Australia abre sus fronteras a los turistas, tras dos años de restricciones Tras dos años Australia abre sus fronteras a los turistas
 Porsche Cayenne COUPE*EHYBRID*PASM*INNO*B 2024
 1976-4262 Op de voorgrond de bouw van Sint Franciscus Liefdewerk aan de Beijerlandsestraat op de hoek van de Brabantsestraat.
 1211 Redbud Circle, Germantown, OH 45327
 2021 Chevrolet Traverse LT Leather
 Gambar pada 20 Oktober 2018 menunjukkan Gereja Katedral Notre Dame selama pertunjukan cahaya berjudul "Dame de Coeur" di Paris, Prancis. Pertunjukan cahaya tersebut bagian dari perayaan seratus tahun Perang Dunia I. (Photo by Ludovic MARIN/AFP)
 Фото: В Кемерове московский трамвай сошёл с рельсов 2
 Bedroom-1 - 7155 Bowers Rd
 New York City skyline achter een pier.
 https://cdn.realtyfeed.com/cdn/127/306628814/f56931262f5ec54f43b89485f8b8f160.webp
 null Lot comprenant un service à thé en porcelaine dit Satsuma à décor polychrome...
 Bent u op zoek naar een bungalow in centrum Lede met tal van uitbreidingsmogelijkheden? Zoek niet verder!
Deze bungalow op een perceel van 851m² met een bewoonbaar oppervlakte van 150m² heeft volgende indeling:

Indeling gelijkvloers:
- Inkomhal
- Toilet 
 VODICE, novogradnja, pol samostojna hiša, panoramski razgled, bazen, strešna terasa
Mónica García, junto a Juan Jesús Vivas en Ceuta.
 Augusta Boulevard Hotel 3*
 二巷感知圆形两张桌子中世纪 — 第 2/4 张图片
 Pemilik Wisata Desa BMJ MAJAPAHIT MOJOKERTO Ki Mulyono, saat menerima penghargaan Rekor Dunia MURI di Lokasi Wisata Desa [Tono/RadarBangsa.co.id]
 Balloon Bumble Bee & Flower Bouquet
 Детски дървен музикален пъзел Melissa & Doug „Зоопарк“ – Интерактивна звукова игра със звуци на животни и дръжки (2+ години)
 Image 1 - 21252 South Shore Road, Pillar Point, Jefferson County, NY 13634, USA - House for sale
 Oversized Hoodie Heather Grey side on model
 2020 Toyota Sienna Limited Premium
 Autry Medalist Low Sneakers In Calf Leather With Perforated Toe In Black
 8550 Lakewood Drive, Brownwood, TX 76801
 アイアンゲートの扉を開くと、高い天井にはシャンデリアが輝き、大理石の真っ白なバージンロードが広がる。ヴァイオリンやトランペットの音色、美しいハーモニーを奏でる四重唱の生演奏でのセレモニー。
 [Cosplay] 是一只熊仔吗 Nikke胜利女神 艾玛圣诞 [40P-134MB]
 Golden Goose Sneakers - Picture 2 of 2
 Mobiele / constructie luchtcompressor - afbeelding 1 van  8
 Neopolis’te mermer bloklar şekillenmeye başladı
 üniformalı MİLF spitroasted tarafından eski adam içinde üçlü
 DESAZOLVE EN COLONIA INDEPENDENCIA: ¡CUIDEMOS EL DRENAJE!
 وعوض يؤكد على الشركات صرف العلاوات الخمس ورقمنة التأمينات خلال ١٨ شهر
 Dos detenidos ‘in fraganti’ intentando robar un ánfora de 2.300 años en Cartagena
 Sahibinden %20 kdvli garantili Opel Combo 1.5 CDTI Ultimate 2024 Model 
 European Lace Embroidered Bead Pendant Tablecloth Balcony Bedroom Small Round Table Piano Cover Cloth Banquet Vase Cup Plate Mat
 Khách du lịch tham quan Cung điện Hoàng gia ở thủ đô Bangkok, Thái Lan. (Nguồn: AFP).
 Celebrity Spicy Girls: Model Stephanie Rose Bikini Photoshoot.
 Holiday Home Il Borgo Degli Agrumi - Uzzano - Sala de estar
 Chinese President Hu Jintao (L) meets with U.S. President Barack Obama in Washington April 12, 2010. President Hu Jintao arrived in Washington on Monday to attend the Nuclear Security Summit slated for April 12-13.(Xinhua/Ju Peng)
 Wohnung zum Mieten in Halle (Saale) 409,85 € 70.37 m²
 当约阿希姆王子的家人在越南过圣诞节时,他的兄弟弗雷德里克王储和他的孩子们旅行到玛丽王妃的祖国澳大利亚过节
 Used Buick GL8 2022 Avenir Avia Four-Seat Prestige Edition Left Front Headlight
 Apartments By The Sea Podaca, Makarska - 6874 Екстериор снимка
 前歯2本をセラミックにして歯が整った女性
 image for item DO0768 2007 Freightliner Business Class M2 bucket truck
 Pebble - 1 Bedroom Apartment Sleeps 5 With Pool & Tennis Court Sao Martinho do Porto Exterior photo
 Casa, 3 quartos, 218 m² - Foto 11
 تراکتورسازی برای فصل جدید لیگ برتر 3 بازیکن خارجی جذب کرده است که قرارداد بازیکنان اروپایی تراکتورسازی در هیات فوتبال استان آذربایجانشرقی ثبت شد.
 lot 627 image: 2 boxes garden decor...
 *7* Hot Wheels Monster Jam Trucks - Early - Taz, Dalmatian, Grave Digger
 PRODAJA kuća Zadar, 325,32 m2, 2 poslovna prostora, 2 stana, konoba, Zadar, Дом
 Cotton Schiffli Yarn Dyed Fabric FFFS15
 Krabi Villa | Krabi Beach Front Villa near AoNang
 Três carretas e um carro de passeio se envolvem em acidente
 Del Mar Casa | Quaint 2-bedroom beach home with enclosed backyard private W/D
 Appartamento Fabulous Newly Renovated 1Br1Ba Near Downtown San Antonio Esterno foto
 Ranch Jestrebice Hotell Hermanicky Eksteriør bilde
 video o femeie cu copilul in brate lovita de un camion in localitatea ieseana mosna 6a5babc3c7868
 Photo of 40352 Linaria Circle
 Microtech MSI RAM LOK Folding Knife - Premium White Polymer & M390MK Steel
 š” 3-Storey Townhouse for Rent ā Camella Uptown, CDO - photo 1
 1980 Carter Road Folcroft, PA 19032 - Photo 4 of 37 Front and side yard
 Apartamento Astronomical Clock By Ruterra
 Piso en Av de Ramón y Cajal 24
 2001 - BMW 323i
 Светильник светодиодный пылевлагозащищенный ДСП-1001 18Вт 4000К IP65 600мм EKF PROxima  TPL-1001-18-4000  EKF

### What you are asked to do
What lines in the material above hold the word "Leather"? Pull them out.

### Answer section
 2021 Chevrolet Traverse LT Leather
 Autry Medalist Low Sneakers In Calf Leather With Perforated Toe In Black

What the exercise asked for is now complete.